Safety Facility Feature: 10 Years Later, CHS Keeps Up Tradition of Safety at Savage, MN, River Terminal

CHS’ barge and rail terminal at Savage, MN in September 2019. The 800,000-bushel steel tank at right is a new addition since Grain Journal last visited 10 years ago. Photos by Ed Zdrojewski.

Ten years ago, Grain Journal paid a visit to the CHS river terminal on the Minnesota River in Savage, MN in January 2009 to report on the huge cooperative’s successful safety programs there.

The terminal was one of three at Savage, as far as you can get on the Mississippi River system from the Gulf of Mexico. The CHS terminal was loading about 1,000 barges a year with corn, soybeans, winter wheat, and spring wheat, some brought in by truck from local producers and nearby CHS elevators and some by rail on the Union Pacific.

Operations Manager Clint Gergen attributed the terminal’s strong safety record largely to the company’s commitment to automation. Among other things, on a below-zero day like that one in 2009, automating facility operations reduces the number of times workers must venture out in harsh weather. Preventive maintenance played a big role in preventing potentially dangerous accidents.

Gergen no longer is at Savage though he remains with CHS as a merchandiser in the corporate office in Inver Grove c Heights, MN. Today, day to day safety at Savage is the responsibility of Terminal Manager Greg Oberle, who has been in that position since 2005.

“We continue to work on improving safety,” he says during an interview in September 2019.

While the 10 years since Grain Journal’s last visit haven’t been completely injury-free, Oberle is proud of the current record. During the 2019 visit, the terminal had gone 2,644 days with out a lost-time injury or illness, roughly seven years and three months.
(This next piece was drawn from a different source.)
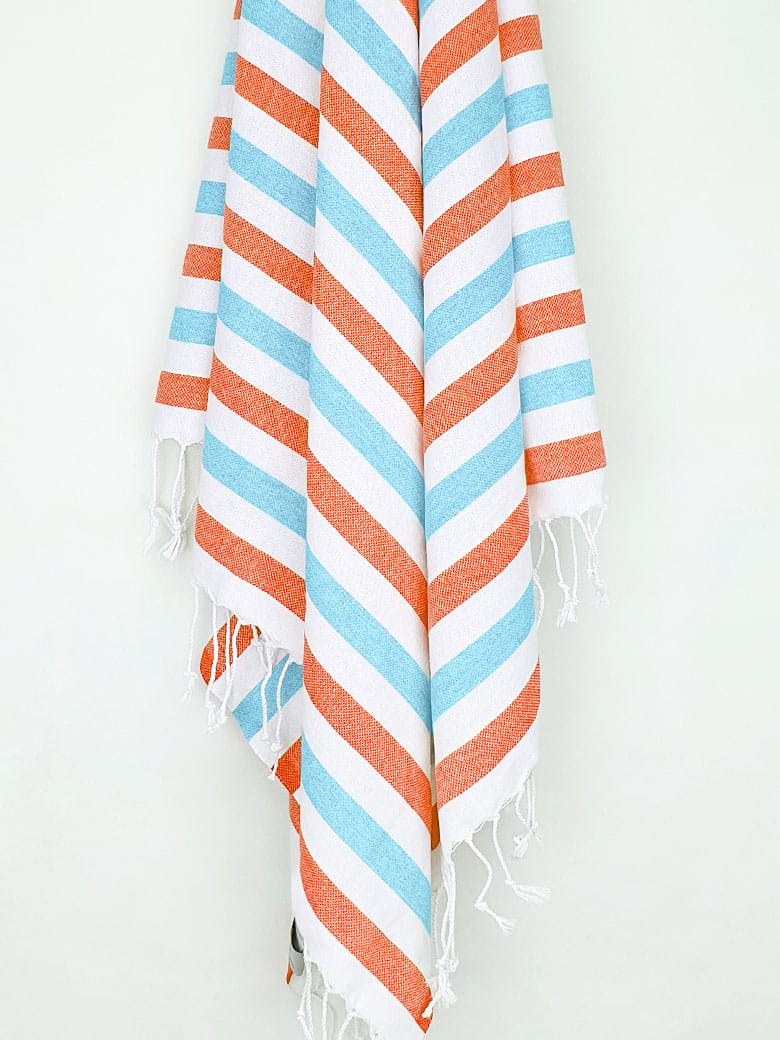 Towel with orange &amp; blue horizontal stripes and hand-twisted &amp; knotted fringe hanging.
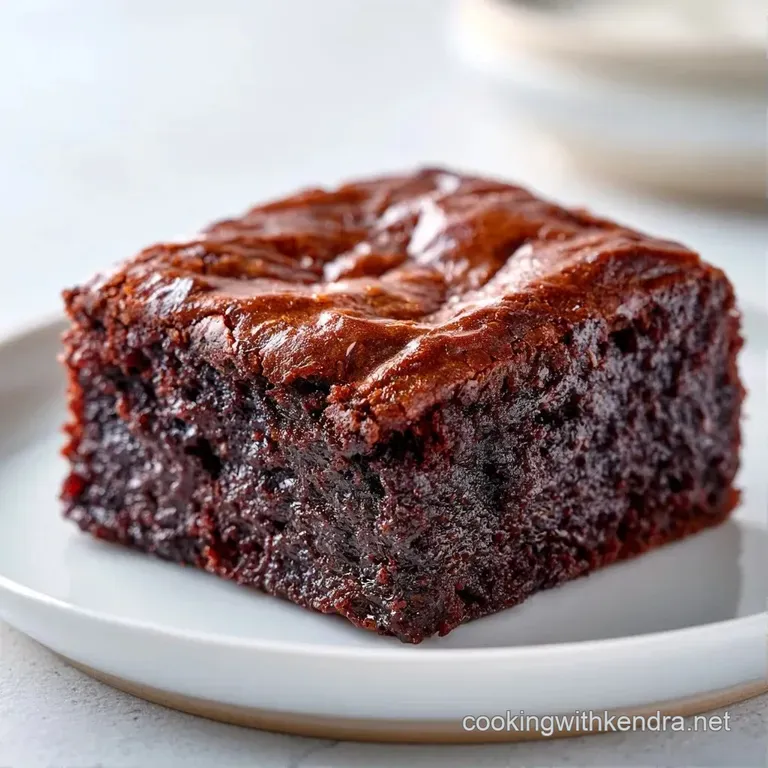 A slice of moist chocolate cake dusted with powdered sugar on a white ceramic plate with a fresh mint leaf.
As of September 2019, the terminal at Savage has gone more than seven years without a lost-time illness or injury.

Expanded Commitment

While Oberle’s crew of nearly a dozen work hard every day on safety issues, perhaps the biggest change occurred at the corporate level starting six years ago. That’s when CHS hired a full-time safety coordinator at its export terminal in Myrtle Grove, LA. Things have grown rapidly from there.
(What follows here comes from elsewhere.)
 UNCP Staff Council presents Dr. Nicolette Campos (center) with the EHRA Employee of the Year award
“When I joined CHS 6-1/2 years ago, the company went from two to 16 full time employees with my title,” says Kevin Nelson, EHS (Environmental, Health, and Safety) specialist. Nelson coordinates EHS issues at seven CHS grain elevators, including the terminal at Savage.

Nelson is particularly fond of the Savage location: “The guys here are engaged,” he says. “You don’t have to remind them to wear their PPE (personal protective equipment) or to put things away when they’re done with them.”

Part of the responsibility of the EHS staff has been the development of new and improved educational materials related to safety. “We used to rely on a lot of materials produced outside of CHS,” Nelson says. “Those were fine, but now we have a lot of materials we’ve produced in-house to reflect our own operations. A lot of it is online, too, which is an effective way to reach our younger workers.”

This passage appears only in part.